▶ Work required: Of the entries below, return exactly those lines that fall between the one containing "Fully equipped country" and the one containing "Phơi khô giày Vans sau khi vệ sinh làm sạch", the two end lines included.

▶ Input for this task:
++++

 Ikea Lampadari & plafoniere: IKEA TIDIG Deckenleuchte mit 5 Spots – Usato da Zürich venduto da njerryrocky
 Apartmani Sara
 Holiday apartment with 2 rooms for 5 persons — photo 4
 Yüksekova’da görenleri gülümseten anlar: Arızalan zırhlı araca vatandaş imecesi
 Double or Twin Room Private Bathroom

++++

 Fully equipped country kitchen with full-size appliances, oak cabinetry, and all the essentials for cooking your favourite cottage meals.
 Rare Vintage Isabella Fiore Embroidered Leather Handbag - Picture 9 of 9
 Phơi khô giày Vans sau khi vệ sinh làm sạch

++++

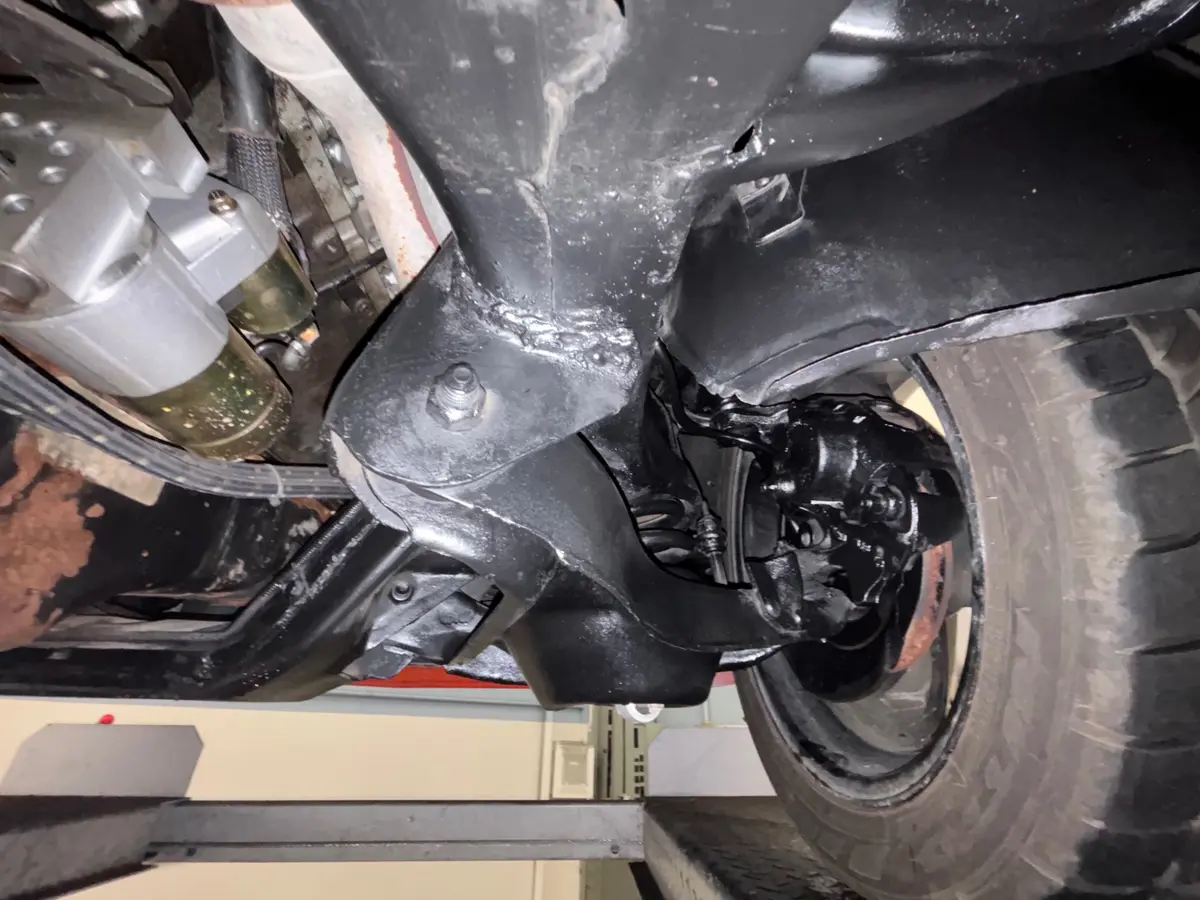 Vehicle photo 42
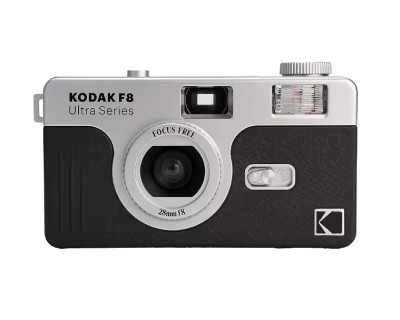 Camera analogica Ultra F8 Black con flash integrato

++++

▶ Expected output:
 Fully equipped country kitchen with full-size appliances, oak cabinetry, and all the essentials for cooking your favourite cottage meals.
 Rare Vintage Isabella Fiore Embroidered Leather Handbag - Picture 9 of 9
 Phơi khô giày Vans sau khi vệ sinh làm sạch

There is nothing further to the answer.